Become a famous blogger in 27.5 weeks.
Remember to blog, and don't forget to take fabulous blog-worthy pictures.
Edit fabulous pictures and spend 3 hours putting together a picture-worthy blog post.
Tweet about it. Instagram it. Facebook it.
Hand out blog business cards.
Read 20 new blogs per day and comment on a minimum of 12 of these blogs. Reply to all comments on personal blog.
Consider taking up drinking.
Learn to speak the Russian language.

Become a fabulous photographer.
Watch photography tutorials, practice practice practice, and have separate business cards ordered solely for photography business.
Do the laundry.
Remember to walk past the dishes in the sink and feel guilty.
Or at least look guilty.
Scratch that.  Feign guilt over not caring about status of dirty dishes in case someone brings it up.

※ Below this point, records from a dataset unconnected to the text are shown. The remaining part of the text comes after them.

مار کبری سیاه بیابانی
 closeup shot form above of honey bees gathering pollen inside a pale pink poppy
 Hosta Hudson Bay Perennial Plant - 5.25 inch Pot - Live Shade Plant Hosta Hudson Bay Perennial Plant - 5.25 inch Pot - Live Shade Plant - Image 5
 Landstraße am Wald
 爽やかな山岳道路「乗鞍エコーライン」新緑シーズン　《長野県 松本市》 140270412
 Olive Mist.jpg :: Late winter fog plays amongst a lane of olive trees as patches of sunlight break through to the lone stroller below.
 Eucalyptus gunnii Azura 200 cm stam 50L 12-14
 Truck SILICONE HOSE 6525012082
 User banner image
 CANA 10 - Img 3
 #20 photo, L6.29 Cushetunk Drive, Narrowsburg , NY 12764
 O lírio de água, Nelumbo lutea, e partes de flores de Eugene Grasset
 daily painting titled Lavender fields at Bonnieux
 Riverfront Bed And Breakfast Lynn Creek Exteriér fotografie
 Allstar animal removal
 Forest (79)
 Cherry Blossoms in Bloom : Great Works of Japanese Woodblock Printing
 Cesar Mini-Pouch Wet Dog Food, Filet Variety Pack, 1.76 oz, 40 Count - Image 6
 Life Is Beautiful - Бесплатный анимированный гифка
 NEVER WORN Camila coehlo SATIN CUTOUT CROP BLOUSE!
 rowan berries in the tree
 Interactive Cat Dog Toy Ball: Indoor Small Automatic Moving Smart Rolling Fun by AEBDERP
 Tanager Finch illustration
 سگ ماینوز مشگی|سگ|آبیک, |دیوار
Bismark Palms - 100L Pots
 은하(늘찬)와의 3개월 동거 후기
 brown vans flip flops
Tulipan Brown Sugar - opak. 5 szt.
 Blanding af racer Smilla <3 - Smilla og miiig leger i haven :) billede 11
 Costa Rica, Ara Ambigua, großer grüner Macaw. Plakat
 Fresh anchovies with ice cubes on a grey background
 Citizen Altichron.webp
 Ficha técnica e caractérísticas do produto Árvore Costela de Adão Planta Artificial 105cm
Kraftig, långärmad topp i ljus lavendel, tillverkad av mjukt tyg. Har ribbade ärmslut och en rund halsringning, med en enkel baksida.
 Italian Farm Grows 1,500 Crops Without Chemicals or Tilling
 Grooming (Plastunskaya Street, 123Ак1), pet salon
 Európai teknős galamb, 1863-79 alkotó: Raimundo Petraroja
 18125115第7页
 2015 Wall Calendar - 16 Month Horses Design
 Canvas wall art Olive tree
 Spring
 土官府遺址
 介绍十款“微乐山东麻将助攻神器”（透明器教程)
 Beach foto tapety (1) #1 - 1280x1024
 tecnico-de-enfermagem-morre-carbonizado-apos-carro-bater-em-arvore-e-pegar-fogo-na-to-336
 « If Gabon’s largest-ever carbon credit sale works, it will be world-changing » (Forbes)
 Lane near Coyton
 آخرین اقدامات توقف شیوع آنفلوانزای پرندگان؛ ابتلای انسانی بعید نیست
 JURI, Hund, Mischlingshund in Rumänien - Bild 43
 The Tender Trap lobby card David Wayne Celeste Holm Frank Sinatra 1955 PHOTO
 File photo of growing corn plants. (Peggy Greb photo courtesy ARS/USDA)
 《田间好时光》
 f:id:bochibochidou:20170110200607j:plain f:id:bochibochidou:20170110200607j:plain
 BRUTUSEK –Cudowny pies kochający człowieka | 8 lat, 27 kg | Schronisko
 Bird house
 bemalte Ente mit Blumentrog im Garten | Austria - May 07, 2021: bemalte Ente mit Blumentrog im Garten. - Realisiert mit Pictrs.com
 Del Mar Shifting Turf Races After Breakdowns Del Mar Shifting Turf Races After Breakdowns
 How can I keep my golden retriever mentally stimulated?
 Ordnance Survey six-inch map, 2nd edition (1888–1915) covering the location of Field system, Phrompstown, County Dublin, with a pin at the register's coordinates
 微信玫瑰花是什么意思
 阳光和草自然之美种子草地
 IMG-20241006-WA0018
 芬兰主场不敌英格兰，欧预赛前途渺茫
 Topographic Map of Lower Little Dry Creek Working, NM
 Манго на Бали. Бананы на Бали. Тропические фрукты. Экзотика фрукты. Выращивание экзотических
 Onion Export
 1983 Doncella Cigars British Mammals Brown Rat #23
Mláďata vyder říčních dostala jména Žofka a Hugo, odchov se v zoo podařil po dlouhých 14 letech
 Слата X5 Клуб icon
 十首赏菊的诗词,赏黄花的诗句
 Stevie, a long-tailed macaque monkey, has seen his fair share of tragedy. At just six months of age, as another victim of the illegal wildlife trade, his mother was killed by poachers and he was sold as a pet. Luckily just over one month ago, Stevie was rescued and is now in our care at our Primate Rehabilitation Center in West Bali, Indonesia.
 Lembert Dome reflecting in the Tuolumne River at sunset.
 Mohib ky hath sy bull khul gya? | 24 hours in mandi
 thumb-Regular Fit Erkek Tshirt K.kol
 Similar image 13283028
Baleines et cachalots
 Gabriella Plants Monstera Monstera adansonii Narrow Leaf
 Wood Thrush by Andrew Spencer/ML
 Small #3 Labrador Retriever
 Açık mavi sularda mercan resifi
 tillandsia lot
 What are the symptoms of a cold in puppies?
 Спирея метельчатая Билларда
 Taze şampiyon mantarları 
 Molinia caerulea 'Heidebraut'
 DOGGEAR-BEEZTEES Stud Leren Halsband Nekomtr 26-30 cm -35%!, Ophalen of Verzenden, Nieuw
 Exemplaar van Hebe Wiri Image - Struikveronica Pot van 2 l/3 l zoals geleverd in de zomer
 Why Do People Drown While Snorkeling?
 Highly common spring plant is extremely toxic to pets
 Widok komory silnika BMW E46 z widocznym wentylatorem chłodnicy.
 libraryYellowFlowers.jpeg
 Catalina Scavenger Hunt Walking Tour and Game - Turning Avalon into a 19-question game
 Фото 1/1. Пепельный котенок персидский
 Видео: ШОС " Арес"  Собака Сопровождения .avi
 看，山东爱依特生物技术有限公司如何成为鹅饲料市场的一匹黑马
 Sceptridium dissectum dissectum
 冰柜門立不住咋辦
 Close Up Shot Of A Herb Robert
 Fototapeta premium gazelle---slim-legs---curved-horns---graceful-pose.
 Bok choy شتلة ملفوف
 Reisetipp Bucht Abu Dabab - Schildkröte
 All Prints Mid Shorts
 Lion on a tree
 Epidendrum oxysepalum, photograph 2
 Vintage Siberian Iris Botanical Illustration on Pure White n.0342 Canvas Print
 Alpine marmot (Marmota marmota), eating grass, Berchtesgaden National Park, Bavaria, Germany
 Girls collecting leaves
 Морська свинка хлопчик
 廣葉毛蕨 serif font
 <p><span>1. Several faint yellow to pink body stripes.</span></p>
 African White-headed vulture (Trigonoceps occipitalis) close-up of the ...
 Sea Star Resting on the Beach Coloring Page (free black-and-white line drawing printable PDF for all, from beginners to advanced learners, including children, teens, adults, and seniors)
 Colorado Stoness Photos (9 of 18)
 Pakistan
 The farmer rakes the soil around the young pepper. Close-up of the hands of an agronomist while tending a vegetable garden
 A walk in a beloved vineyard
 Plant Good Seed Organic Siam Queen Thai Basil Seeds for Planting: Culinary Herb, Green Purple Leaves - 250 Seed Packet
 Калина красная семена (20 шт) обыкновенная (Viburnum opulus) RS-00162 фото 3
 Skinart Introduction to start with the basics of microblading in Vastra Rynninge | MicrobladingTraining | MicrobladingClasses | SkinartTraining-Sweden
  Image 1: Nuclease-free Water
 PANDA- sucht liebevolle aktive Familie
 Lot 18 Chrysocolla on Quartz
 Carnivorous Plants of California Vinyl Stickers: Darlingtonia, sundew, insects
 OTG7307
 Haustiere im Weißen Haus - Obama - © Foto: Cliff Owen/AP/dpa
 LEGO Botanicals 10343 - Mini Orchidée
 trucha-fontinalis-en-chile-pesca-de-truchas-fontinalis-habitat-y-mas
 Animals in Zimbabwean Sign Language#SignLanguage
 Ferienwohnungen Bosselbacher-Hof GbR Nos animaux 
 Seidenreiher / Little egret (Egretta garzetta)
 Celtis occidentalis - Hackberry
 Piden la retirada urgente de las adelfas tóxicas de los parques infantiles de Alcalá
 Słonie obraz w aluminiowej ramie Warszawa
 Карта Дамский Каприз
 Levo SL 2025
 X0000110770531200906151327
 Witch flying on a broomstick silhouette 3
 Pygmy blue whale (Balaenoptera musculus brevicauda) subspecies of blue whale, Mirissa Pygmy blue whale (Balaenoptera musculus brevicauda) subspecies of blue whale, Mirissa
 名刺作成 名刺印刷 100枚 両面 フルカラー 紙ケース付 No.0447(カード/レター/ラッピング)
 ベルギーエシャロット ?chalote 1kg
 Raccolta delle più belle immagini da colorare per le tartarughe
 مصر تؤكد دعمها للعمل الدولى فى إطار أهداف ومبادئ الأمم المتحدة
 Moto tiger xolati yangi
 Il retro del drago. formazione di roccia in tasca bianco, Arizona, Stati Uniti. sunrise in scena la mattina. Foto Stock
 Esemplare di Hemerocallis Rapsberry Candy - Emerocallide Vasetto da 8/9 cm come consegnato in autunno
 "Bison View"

Make sure someone feeds the cats.
Check to see that we still have dogs and that someone fed them.
Get that gate fixed.

Ride the horse at least once a week.
Finish all of the homework that goes with a full time course load for a Bachelors degree.
Read a good book.
Eat more veggies.
and
Drink more water.

Above is pretty much what I felt like the perfect housewife/mother should be able to accomplish in a regular day/week.
I realized that I was lying to myself, but for some reason, I never allowed that to deter me from constantly aiming for my false sense of perfection.
Until recently.
When my days began to look exactly like this...

Wake up.
Feel immense sense of dread over impending failure.
Go back to sleep.
Wake up again.
Check Facebook, Instagram, and Pinterest.
Realize my life is lacking in the usual glamour one can only find on Facebook, Instagram, and Pinterest.
Go back to sleep.

Finally climb out of bed by 11:30.
Eat.
Read a book.
Check Facebook.
Check Instagram.
Check Pinterest.
Wallow in the despair of a life lacking in glamour.
Rinse and repeat the next day.

................

BUT GOD.
That's Ephesians 2:4 in the Bible.

Basically He and I had to have a little chat.
Turns out there are approximately three things I am responsible for and it also turns out that we have had this discussion before.
I just keep forgetting.
I get caught up in the lights/camera/action of all the newest trends and hobbies; and before you know it, I'm a jack of all trades, and a master of none.

Three things, Christa. Three things.
God.
Family.
School.

That's it for now.
And maybe the occasional pot of coffee that has been reheated three times already since this afternoon.

Hang in there, girls, you're not alone.






Friday, December 26, 2014

Bipolar Tendencies

The weather around here is absolutely gorgeous today!!
It makes me think of Spring, and flowers, and that dream I have of visiting New York City while Central Park is in bloom.
Unfortunately, I have been burned more than once by Oklahoma's bi-polar tendencies when it comes to weather.   She teases for a week or two in January, perhaps a couple days in February, and then tosses you aside for a last minute fling with a Blizzard come end of March.
Said the girl with the chip on her shoulder.

But what would be the harm in going along with it just a bit?  I promise to keep my heart out of it.
Maybe not go all the way with short sleeves and wide open windows or anything.  But it wouldn't hurt to switch to the lightweight jacket, and perhaps open the sunroof on the car.

Probably better wrap this up and go double check outside again, in case she's changed her mind in the last ten minutes.

Not that I would care.
Said the girl in the shorts and the tank top.